Now, on the topic of online music sites, it’s a good idea to read Fred Wilson’s recent post, Something Important Is On The Horizon In The Music Business. On music streaming, Fred (with his VC hat on?) writes:

These services are coming to mobile phones, probably in the next year we’ll all be listening to pandora or last.fm in the gym on our phone instead of our limited library on our iPod. That’s when this new form of listening is going to explode. And that’s when Apple is going to wish it had thought more about streaming and less about file based music. But you can’t feel too badly about Apple because a good number of people will be listening to pandora or last.fm on their iPhones.

Two things happened this past week that may be important to this emerging market. First, MySpace got in the game. They cut deals with most of the major labels to allow them to offer their own streaming service.
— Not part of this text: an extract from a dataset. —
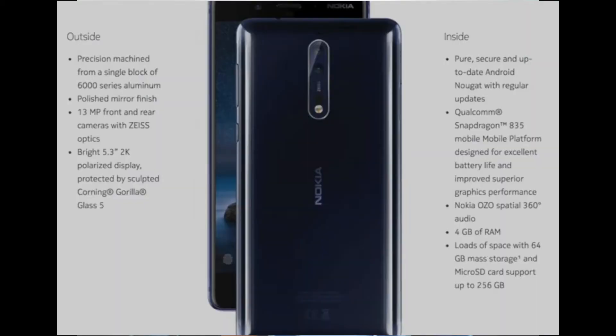You get USB Type-C 3.0 so you can charge your phone really fast. You get Snapdragon 835 in this phone, and then you get antenna bands on the top and the bottom of the phone. Nokia says the signal you'll get in this phone will really be strong.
It’s MySpace, and as Bob Lefsetz points out, they have their own set of challenges with technology and user experience. But music is a HUGE part of the MySpace experience and they have over 100 million people a month coming to MySpace, often for music, and that’s a much bigger audience than anyone else has for a streaming service. And they’ve been in the business of streaming for a long time, not in a particularly easy to use way, but they play a lot of music to a lot of people every day. So I think MySpace will be a meaningful player in the emerging streaming music business.
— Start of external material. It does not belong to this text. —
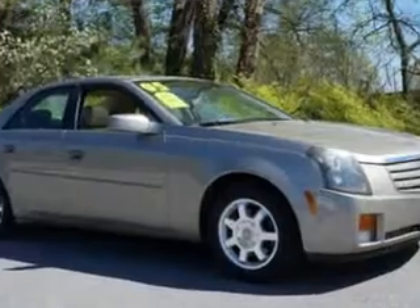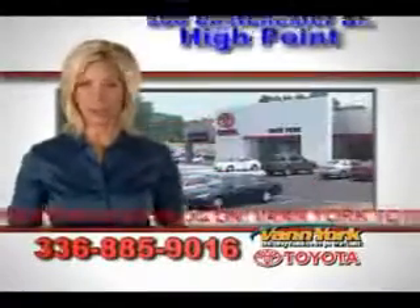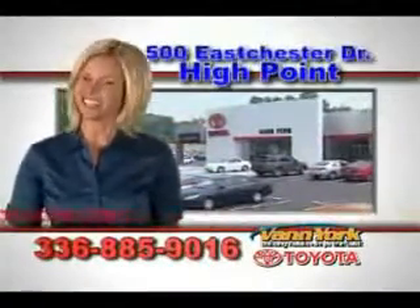So come in and check out the features. It's an '03 Cadillac CTS from Van York Toyota. Be smart and buy now at Van York Toyota — Van York, building relationships that last.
The other thing that happened is Ian Rogers left Yahoo Music where he had been leading the charge for the past couple years and joined a small startup in LA that has some ideas about this emerging market. Ian is a super smart guy, one of the few people I’ve met in the web music business who really gets where this is all going.
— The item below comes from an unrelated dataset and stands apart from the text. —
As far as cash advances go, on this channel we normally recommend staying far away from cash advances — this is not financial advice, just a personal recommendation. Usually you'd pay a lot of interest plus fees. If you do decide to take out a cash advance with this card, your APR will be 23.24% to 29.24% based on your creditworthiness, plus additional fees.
What Ian knows is that the fans are the most powerful distribution points for music. He gets the power of mp3 blogging. He understands that the Hype Machine has built a terrific new age radio station by aggregating all the music that is being posted onto mp3 blogs and he understands that further enabling that kind of behavior, where the fans are the ultimate arbiters of what gets played and what gets popular, is the end game for all of this.

(…)

Here’s what we need. We need someone to create an easy to search streamable library of all the recorded music in the world. We need to be able to grab a track and embed it on our blog. We need to be able to see how many people played it. We need others to be able to crawl these user pages with the embedded music and create algorithms based on who posted it, how often it was played, and how often it was reblogged and linked to. The services that do all of that need to be able to play the music that flows out of these social algorithms in the same way. This all has to be licensed and legal and it has to result in money flowing to the artists. If you put the music on your blog, you should have two choices. Allow the ads to be served into your music or your page or both by the service you got the music from. Or deal with the monetization yourself and pay the royalties you owe. Most people will do the former but some will do that latter.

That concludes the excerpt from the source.